The eventual goal is certainly to be able to deal with this kind of schema "normalization" to a target schema, but currently only a limited set of schema evolutions are supported: different column order, missing columns (filled with nulls), upcasting null to any type are currently supported. But eg any other type casting or renaming columns not yet.
For how to do this (but so within the limits of what kind of normalizations are supported), there are two ways:
- Using the dataset "factory" function to let pyarrow discover the dataset (crawl the filesystem to find data files, infer the schema). By default, this `ds.dataset(..)` function "infers" the schema by reading it from the first file it encounters. In C++ there is actually the option to check all files to create a common schema, but this is not yet exposed in Python (https://issues.apache.org/jira/browse/ARROW-8221
). Then, there is also the option pass a schema manually, if you know this beforehand.

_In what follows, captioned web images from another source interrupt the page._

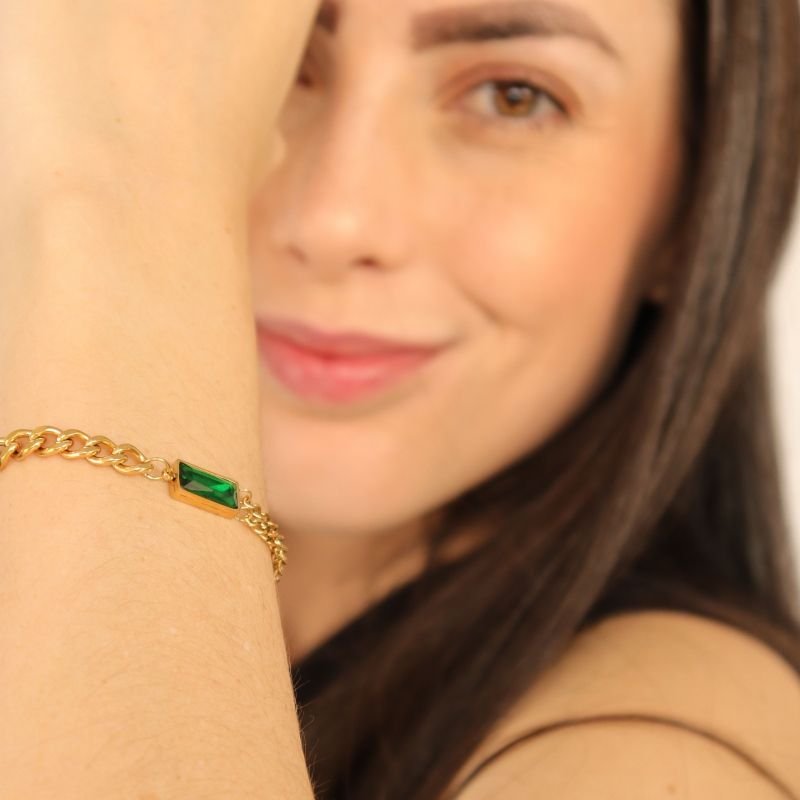 Pulseira Corrente com Pedrinha em Aço Inox (Linha Premium)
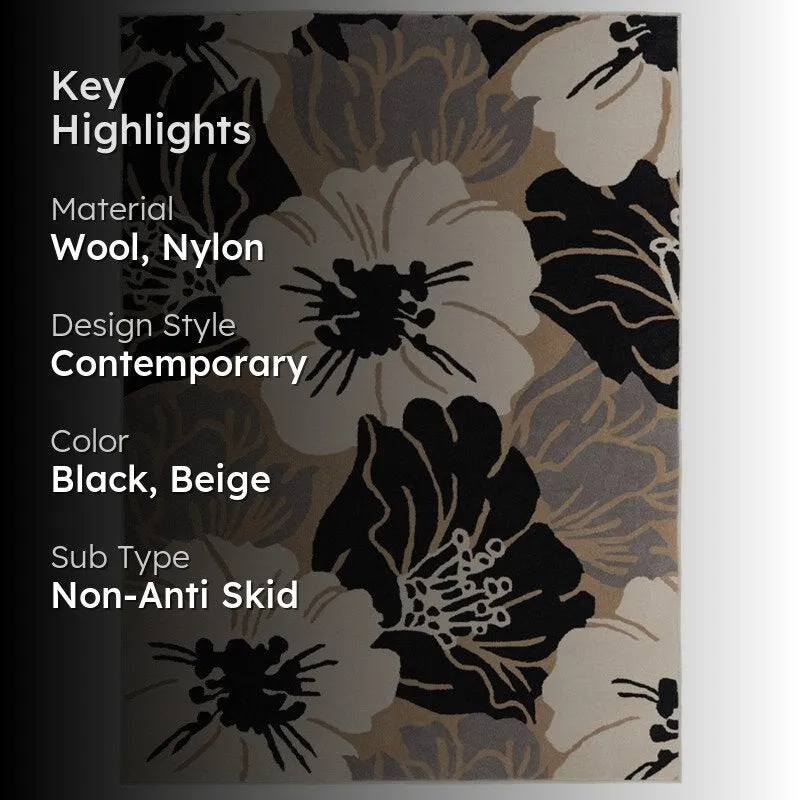 Anrion Hand Tufted Floral Wool & Nylon Carpet - Black media 2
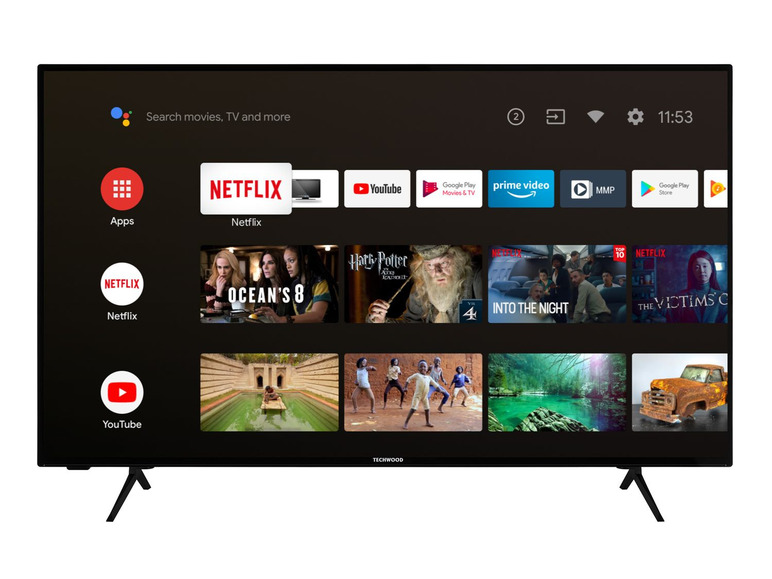 Gehe zu Vollbildansicht: Techwood U65XA53B 65 Zoll Fernseher (Android 9.0 Smart TV inkl. Prime Video / Netflix, 4K UHD mit Dolby Vision HDR / HDR 10, Bluetooth, Triple-Tuner) - Bild 1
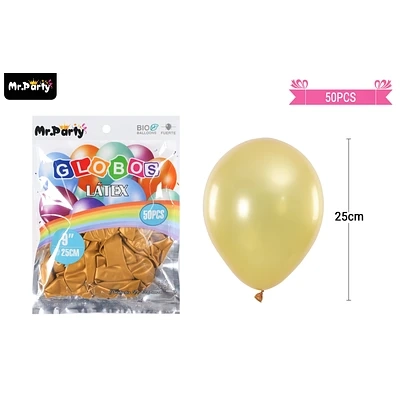 GLOBOS DE LATEX PERLADO DORADO OSCURO 25CM 50PCS - 1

- Using the lower level `ds.FileSystemDataset` interface as you are using below. In this case you need to specify all the data file paths manually, as well as the final schema of the dataset. So this is specifically meant for the case where you know this information already, and want to avoid the overhead of inferring it with the `ds.dataset()` factory function mentioned above.
So from reading your mail, it seems you need the following features that are currently not yet implemented:
- The ability to specify in the `ds.dataset(..)` function to infer the schema from all files (ARROW-8221))
- More advanced schema normalization routines (type casting, column renaming)
Does that sound correct?
I'm currently leveraging the Datasets API to read parquet files and running into a bit of an issue that I can't figure out. I have a set of files and a target schema. Each file in the set may have the same or a different schema than the target, but if the schema is different, it can be coerced into the target from the source schema, by rearranging column order, changing column names, adding null columns and/or a limited set of type upcasting(e.g int32->int64).
As far as I can tell, there doesn't seem to be a way to do this with the Datasets API if you don't have a file schema ahead of time. I had been using the following:
arrow_dataset = ds.FileSystemDataset.from_paths([self._input.location()],
But in this case, I have to fetch the schema, and read a single-file at a time.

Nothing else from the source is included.